WE DEMAND CENTRAL BANKS STOP FINANCING FINANCIAL CHAOS

UNE POLITIQUE

MONÉTAIRE & PRUDENTIELLE
AU SERVICE DU CLIMAT

A European Central Bank (ECB) that works for, not against climate
The Banque de France as a leader in decarbonisation
A Network for Greening the Financial System (NGFS) that advocates for tangible action

Central banks supervise the monetary and financial system and hold the lever of “money issuance.” Money issuance, in turn, determines how much money is available and lending conditions. As such, central banks are key actors in building an environmentally conscious and climate-friendly financial system.

Yet central banks continue to ignore these issues in their operations and, in so doing, contribute to climate chaos.

To flip the script, Reclaim Finance is targeting three influential actors: the European Central Bank (ECB), the Banque de France and the Network for Greening the Financial System (NGFS).

The European Central Bank (ECB) is mandated to ensure the soundness and stability of the financial system. This will not be possible without the adoption of measures that allow for the immediate reduction of greenhouse gas emissions in the real economy and, in turn, reduce the exposure of financial actors to climate risks.

Three key players

Our demands from the European Central Bank (ECB)

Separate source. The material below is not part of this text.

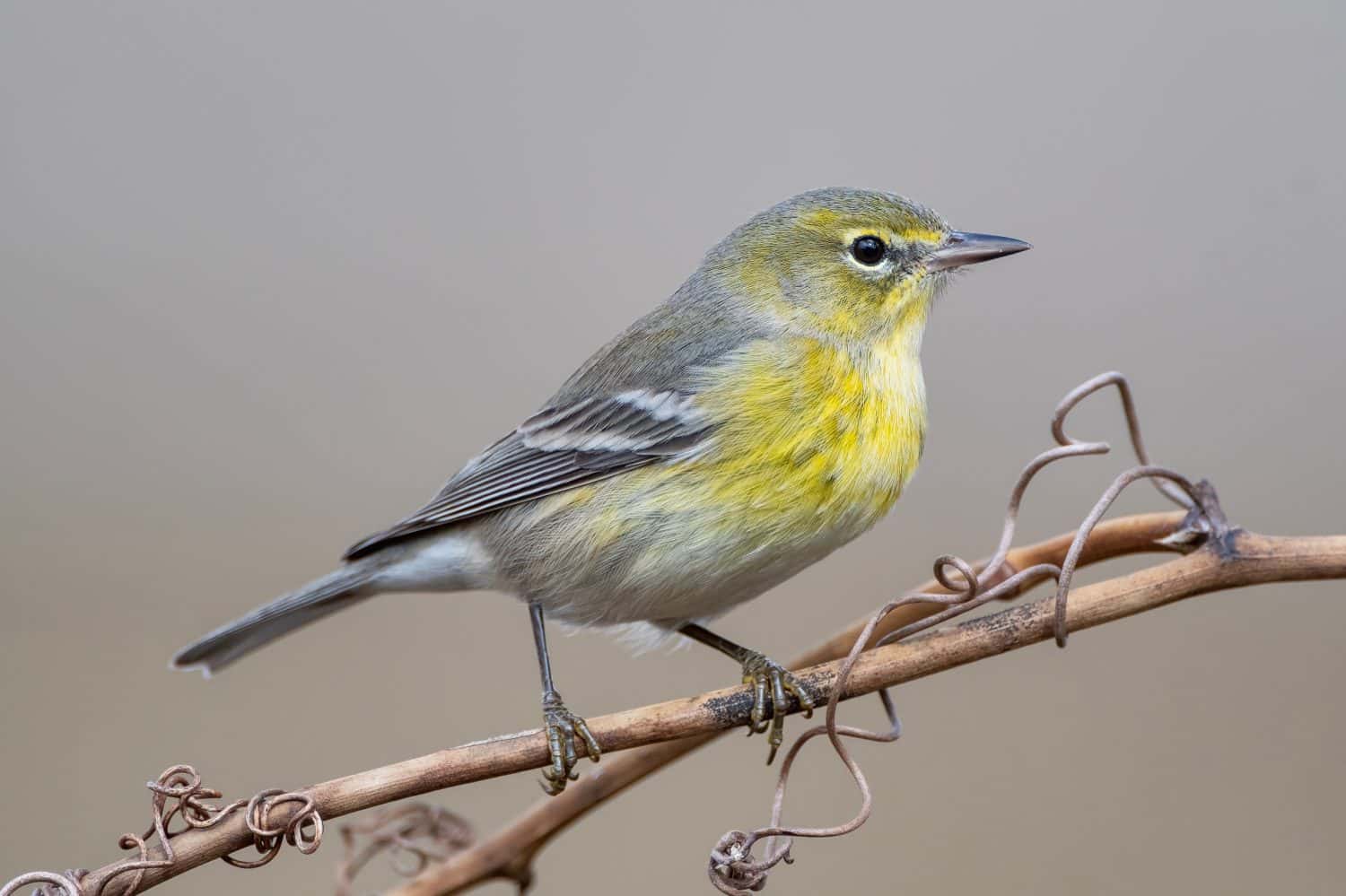 Pine Warbler Perched on Vine in Louisiana Winter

The ECB must listen to European citizens: adapt monetary tools to immediately stop supporting polluters and financing polluting activities, thus sending a strong message to the markets. Corporate asset purchases should be reserved for companies that are aligned with a 1.5°C warming trajectory and have adopted proper fossil fuel exit plans. The most polluting assets, starting with fossil fuels, should be excluded from the ECB’s list of collaterals.

The ECB should exclude companies from asset purchases and the list of collaterals if:

  • The company is developing new fossil fuel projects (see the list here);
  • The company is highly exposed to unconventional and highly polluting coal, oil, and gas (see the list here); and
  • The company is not committed to exiting coal by 2030 in EU and OECD countries and by 2040 worldwide; as well as oil and gas by 2040 in EU and OECD countries and by 2050 worldwide;
  • The company does not adopt detailed coal exit plans by 2021 and fossil fuel exit plans by 2022.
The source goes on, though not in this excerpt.